The results of the IFSP-CATAD project 2001 are available as Working Papers 39-45 in pdf.
LSA as planning tool
The Livelihood System Approach provides a holistic framework for understanding the various factors which determine behaviour, livelihood strategies and related outcomes. It introduces a systemic thinking into:
- Planning village projects,
- Policy definition and framework planning (priority setting) on district and provincial level,
- Institutional analysis (an organisation is analysed with capital assets and coping strategies similarly like a household).
Download pdf (215 KB) Technical Paper 28 The Livelihood System Approach in Project planning, a manual.
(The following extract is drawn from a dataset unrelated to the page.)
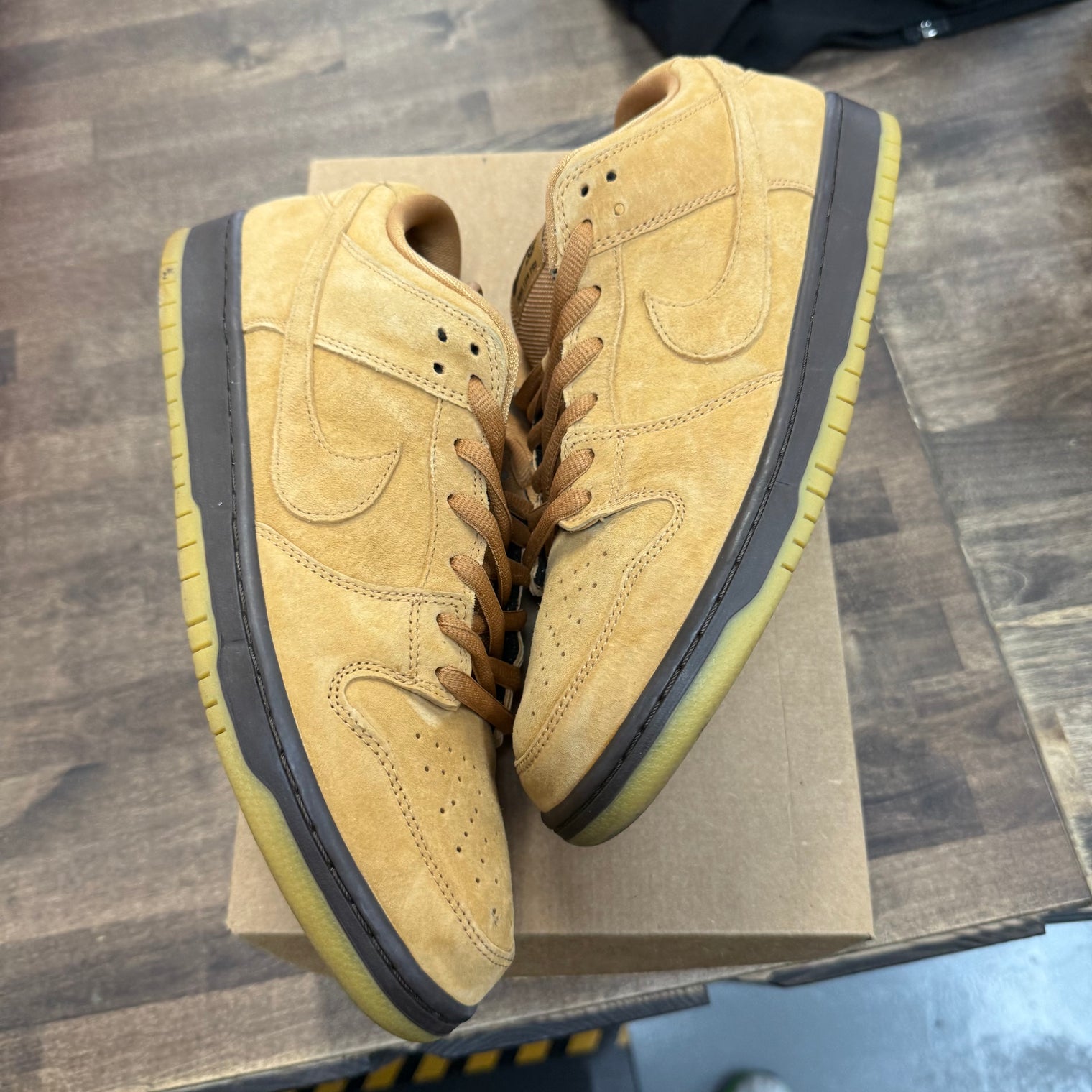 Wheat SB Dunk Low (USED, No Box)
Download pdf (356 KB) Technical Paper 28 in Tamil
Intercultural learning
The IFSP and CATAD shared the experience of intercultural teamwork in 1999 and in 2001. In both cases, the teams, both German and Sri Lankan members, evaluated their experience of working in an intercultural team with very positive results. IFSP and CATAD understand intercultural communication and teamwork as a mutual capacity building process. The encounter with another culture challenges one’s own habits and thinking. It provides a clear feedback on one’s own behaviour and teaches fundamental skills for the work as a culture-sensitive advisor and consultant in development cooperation.